* _EXERCISE DESCRIPTION_: Leaving out the images, transcribe every record below exactly.

* _DATA_:
::::
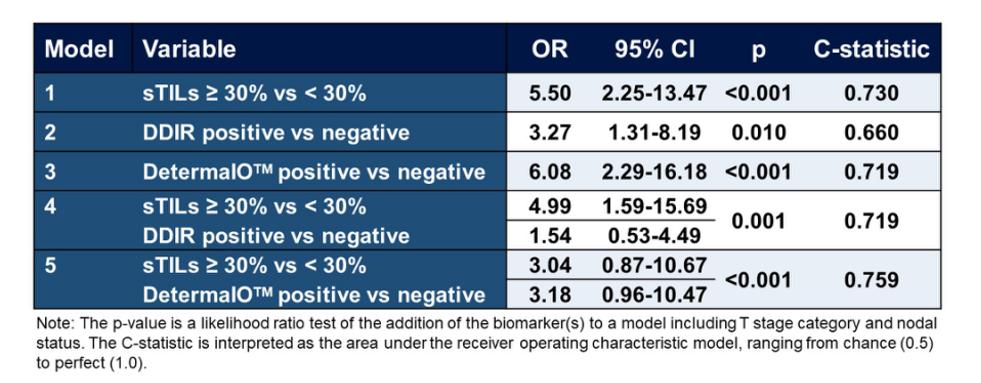 刘蜀教授：精准时代下分子标志物为新辅助治疗预后进行预测探路
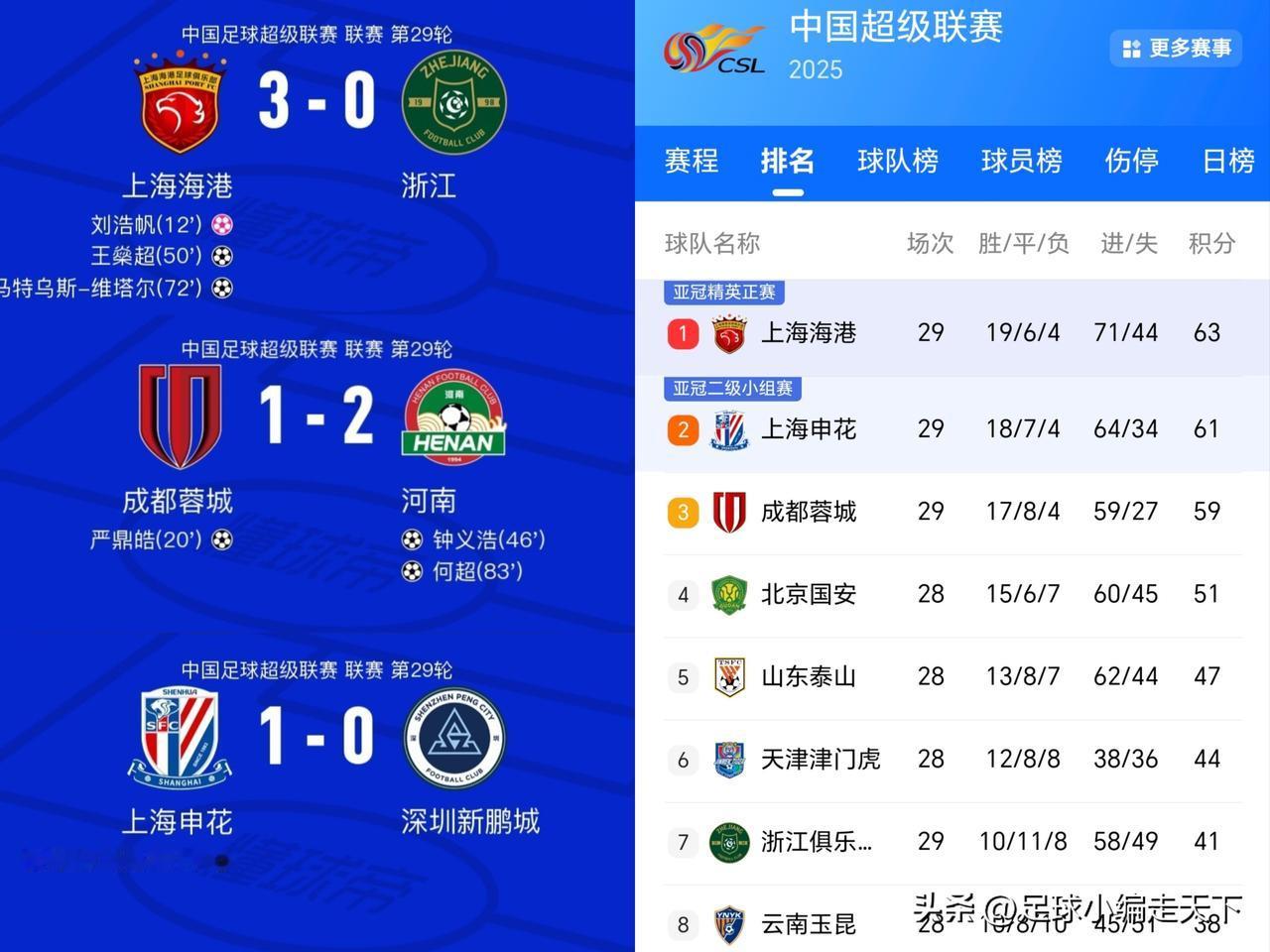 今年的中超冠军又要留在上海了？最后一轮我看好上港输球夺冠。[捂脸哭]海港客场踢大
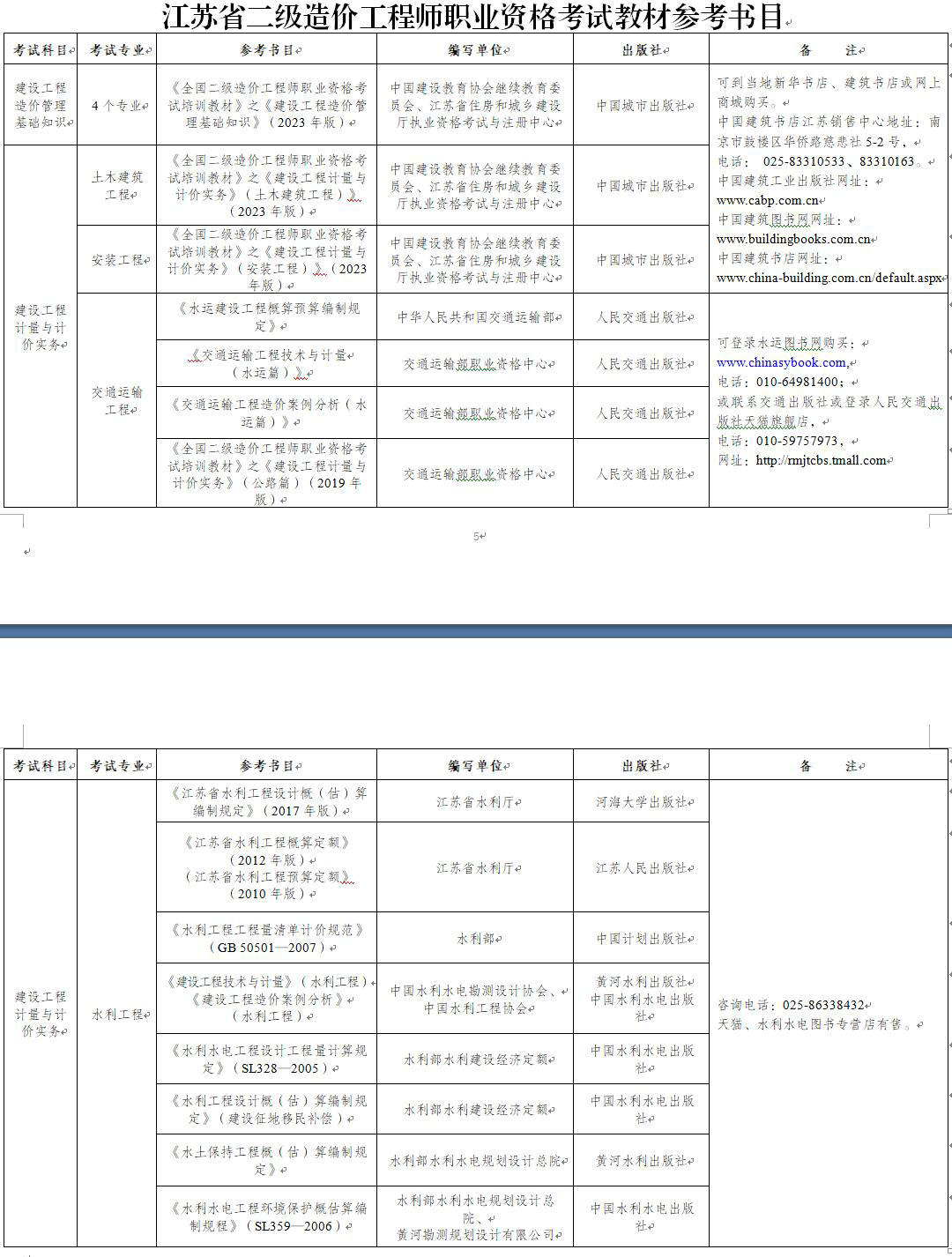 江蘇省二級(jí)造價(jià)工程師職業(yè)資格考試教材參考書目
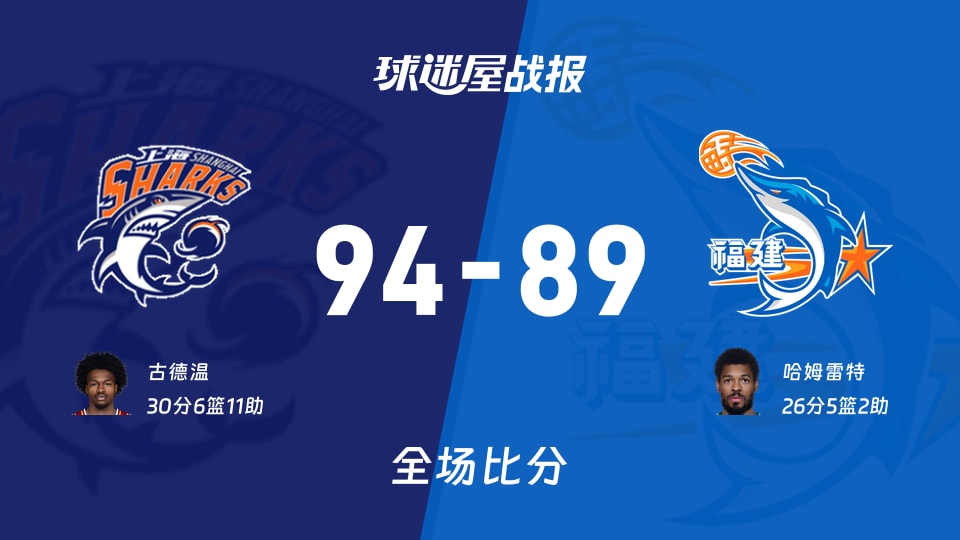 CBA常规赛:上海以94-89战胜福建,古德温30+6+11
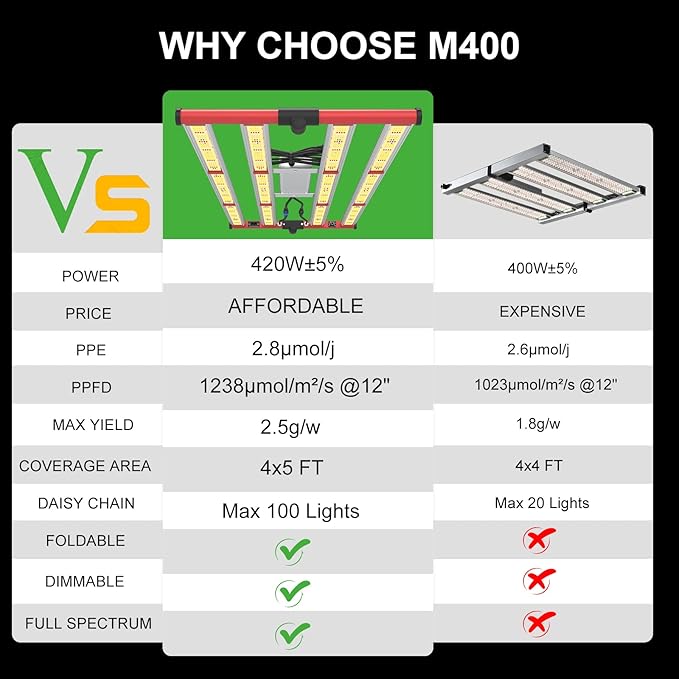 AGLEX 420W Full Spectrum LED Grow Light with UV &amp IR 1360 LEDs Dimmable Daisy Chain High PPFD Bar Style 4x5 ft Coverage Foldable for Indoor Plant Growing Commercial Seeding Veg Flower - M400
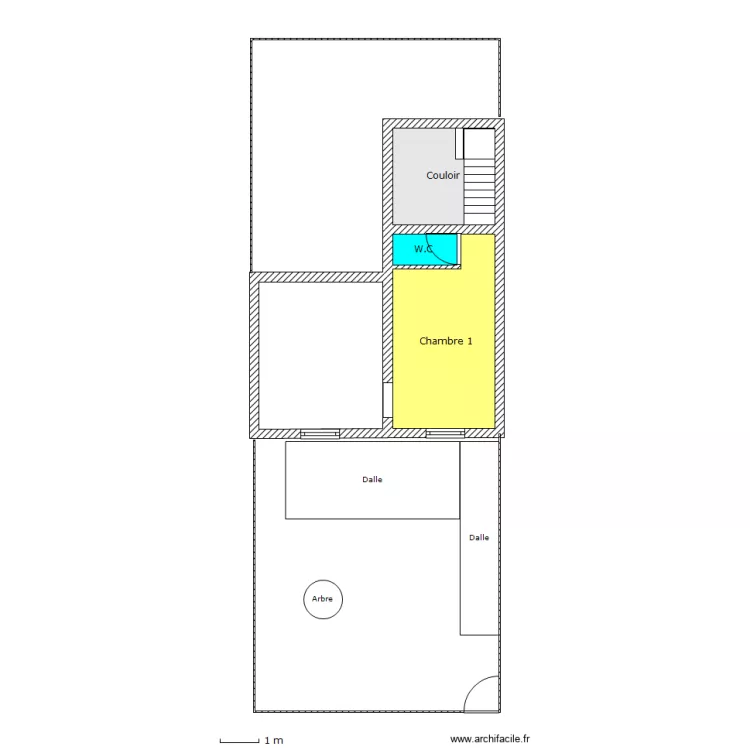 Plan 2. Plan de 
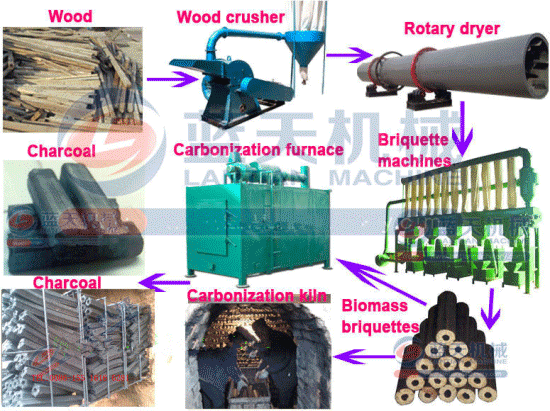 Wood charcoal briquette machine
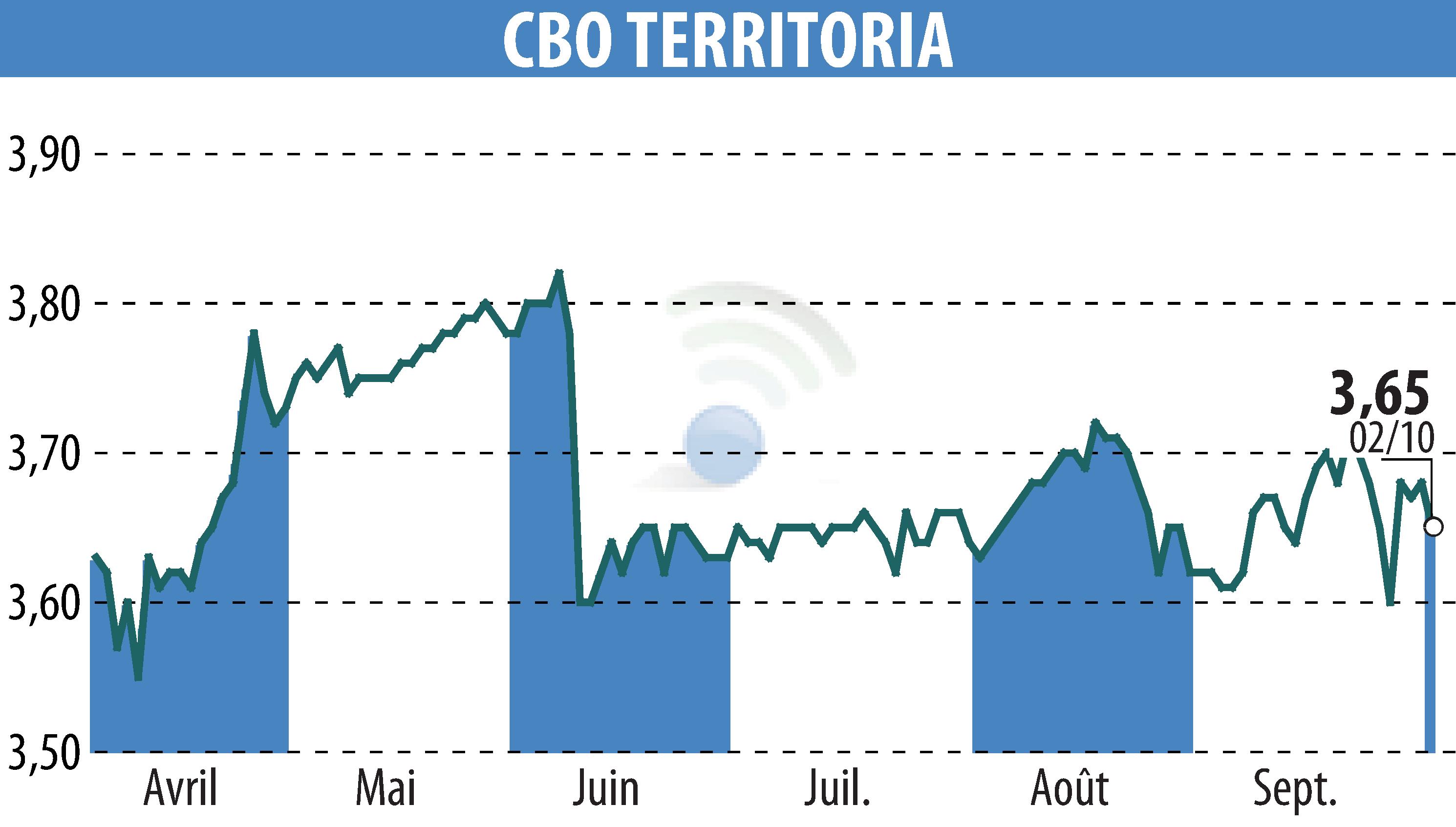 Graphique de l'évolution du cours de l'action CBO TERRITORIA  (EPA:CBOT).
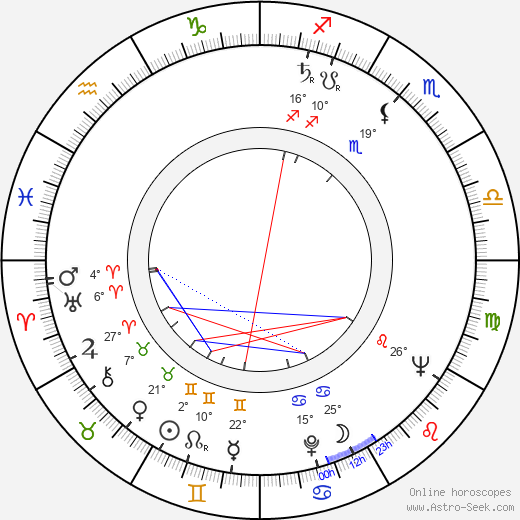 Nicole Besnard birth chart, biography, wikipedia 2024, 2025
::::
* _EXPECTED ANSWER_:
 刘蜀教授：精准时代下分子标志物为新辅助治疗预后进行预测探路
 今年的中超冠军又要留在上海了？最后一轮我看好上港输球夺冠。[捂脸哭]海港客场踢大
 江蘇省二級(jí)造價(jià)工程師職業(yè)資格考試教材參考書目
 CBA常规赛:上海以94-89战胜福建,古德温30+6+11
 AGLEX 420W Full Spectrum LED Grow Light with UV &amp IR 1360 LEDs Dimmable Daisy Chain High PPFD Bar Style 4x5 ft Coverage Foldable for Indoor Plant Growing Commercial Seeding Veg Flower - M400
 Plan 2. Plan de 
 Wood charcoal briquette machine
 Graphique de l'évolution du cours de l'action CBO TERRITORIA  (EPA:CBOT).
 Nicole Besnard birth chart, biography, wikipedia 2024, 2025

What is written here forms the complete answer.